(445h) Global Renewable Energy and Negative Emission Potential Observatory - in a Knowledge Graph Context | AIChE

(445h) Global Renewable Energy and Negative Emission Potential Observatory - in a Knowledge Graph Context

Authors 

Li, L. - Presenter, National University of Singapore
Wang, X., National University of Singapore
Under the common vision of humanity to reduce carbon emissions, renewable energy and negative emission technologies are promising technologies in the blueprint of low-carbon transition of energy systems. However, hybrid renewable energy systems combined with negative emission technologies, which have a synthetic effect and promising potential in building low-carbon energy systems, are still under-explored. In our recent study, we found that sustainable energy systems combining renewable energy and negative emission technologies offer considerable environmental benefits compared to conventional energy systems and are economically competitive in areas with abundant renewable resources. The proposed decision support tools can be readily applied by end-users, operators, and governments, and the findings from the regional-scale analysis will help countries refine their emissions reduction targets, agree on global emissions reduction commitments, and design sustainable energy systems that benefit the world as a whole.
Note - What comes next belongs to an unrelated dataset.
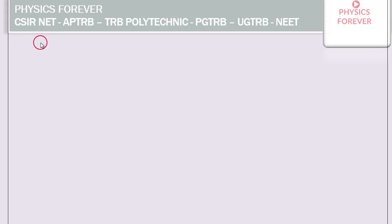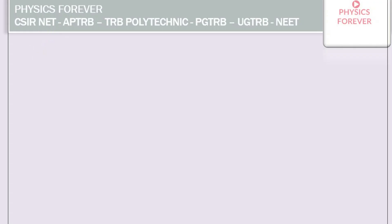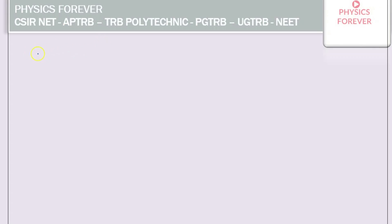Good morning. Today we discuss the topic of the liquid drop model and semi-empirical mass formula from nuclear physics. We have already discussed nuclear properties, binding energy, nuclear force, and some problems in previous classes.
However, practically, the selection, design, and placement of appropriate renewable energy and negative emission technologies within a given place is a complex, multi-domain, and multi-objective problem that necessitates an efficient knowledge management framework. One possible approach to utilize real-time and multi-domain data for this is The World Avatar (TWA) project. TWA is a dynamic knowledge graph (dKG) based on the Semantic Web and its associated technologies, with intelligent agents operating on it. The agents act autonomously to constantly update and extend TWA, thus making it evolves in time. The purpose of this paper is to illustrate how digital twinning (of the energy system, renewable and negative emission resources, and the technology and market conditions) in the context of a dKG can support and augment our previous work to develop a decision-support system that determining the optimal placement of technologies that is economic and carbon-reducing for the given context. The system consists of a bi-objective robust optimization model – to minimize both the cost of deploying the technologies and maximize the carbon reduction potential that the technologies would bring to the area. A case study considering the climate mitigation of renewable energy and negative emission technologies in China and the UK is introduced to demonstrate the application of this approach.